From mboxrd@z Thu Jan  1 00:00:00 1970
Return-Path: <linux-btrfs-owner@vger.kernel.org>
Received: from mx1.fusionio.com ([66.114.96.30]:51768 "EHLO mx1.fusionio.com"
	rhost-flags-OK-OK-OK-OK) by vger.kernel.org with ESMTP
	id S1756559Ab3ANP5V (ORCPT <rfc822;linux-btrfs@vger.kernel.org>);
	Mon, 14 Jan 2013 10:57:21 -0500
Date: Mon, 14 Jan 2013 10:57:18 -0500
From: Chris Mason <chris.mason@fusionio.com>
To: Tomasz Kusmierz <tom.kusmierz@gmail.com>
CC: Chris Mason <clmason@fusionio.com>,
        "linux-btrfs@vger.kernel.org" <linux-btrfs@vger.kernel.org>
Subject: Re: btrfs for files > 10GB = random spontaneous CRC failure.
Message-ID: <20130114155718.GC1387@shiny>
References: <50F3E77B.2030901@gmail.com>
 <20130114145904.GA1387@shiny>
 <50F422BC.4000901@gmail.com>
MIME-Version: 1.0
Content-Type: multipart/mixed; boundary="Nq2Wo0NMKNjxTN9z"
In-Reply-To: <50F422BC.4000901@gmail.com>
Sender: linux-btrfs-owner@vger.kernel.org
List-ID: <linux-btrfs.vger.kernel.org>

--Nq2Wo0NMKNjxTN9z
Content-Type: text/plain; charset="us-ascii"
Content-Disposition: inline

On Mon, Jan 14, 2013 at 08:22:36AM -0700, Tomasz Kusmierz wrote:
> On 14/01/13 14:59, Chris Mason wrote:
> > On Mon, Jan 14, 2013 at 04:09:47AM -0700, Tomasz Kusmierz wrote:
> >> Hi,
> >>
> >> Since I had some free time over Christmas, I decided to conduct few
> >> tests over btrFS to se how it will cope with "real life storage" for
> >> normal "gray users" and I've found that filesystem will always mess up
> >> your files that are larger than 10GB.
> > Hi Tom,
> >
> > I'd like to nail down the test case a little better.
> >
> > 1) Create on one drive, fill with data
> > 2) Add a second drive, convert to raid1
> > 3) find corruptions?
> >
> > What happens if you start with two drives in raid1?  In other words, I'm
> > trying to see if this is a problem with the conversion code.
> >
> > -chris
> Ok, my description might be a bit enigmatic so to cut long story short 
> tests are:
> 1) create a single drive default btrfs volume on single partition -> 
> fill with test data -> scrub -> admire errors.
> 2) create a raid1 (-d raid1 -m raid1) volume with two partitions on 
> separate disk, each same size etc. -> fill with test data -> scrub -> 
> admire errors.
> 3) create a raid10 (-d raid10 -m raid1) volume with four partitions on 
> separate disk, each same size etc. -> fill with test data -> scrub -> 
> admire errors.
> 
> all disks are same age + size + model ... two different batches to avoid 
> same time failure.

Ok, so we have two possible causes.  #1 btrfs is writing garbage to your
disks.  #2 something in your kernel is corrupting your data.
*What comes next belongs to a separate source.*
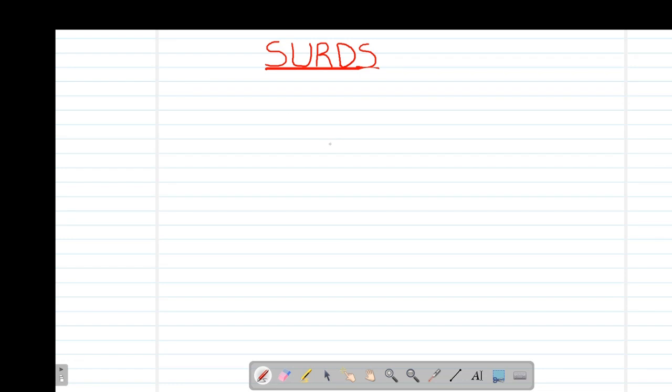Hello my precious friends, I really hope that you are doing great. Welcome to today's class. It's our first lesson on a Form 3 topic called SADS (Surds).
Since you're able to see this 100% of the time, lets assume that if #2
were true, we'd be able to trigger it on other filesystems.

So, I've attached an old friend, stress.sh.  Use it like this:

stress.sh -n 5 -c <your source directory> -s <your btrfs mount point>

It will run in a loop with 5 parallel processes and make 5 copies of
your data set into the destination.  It will run forever until there are
errors.  You can use a higher process count (-n) to force more
concurrency and use more ram.  It may help to pin down all but 2 or 3 GB
of your memory.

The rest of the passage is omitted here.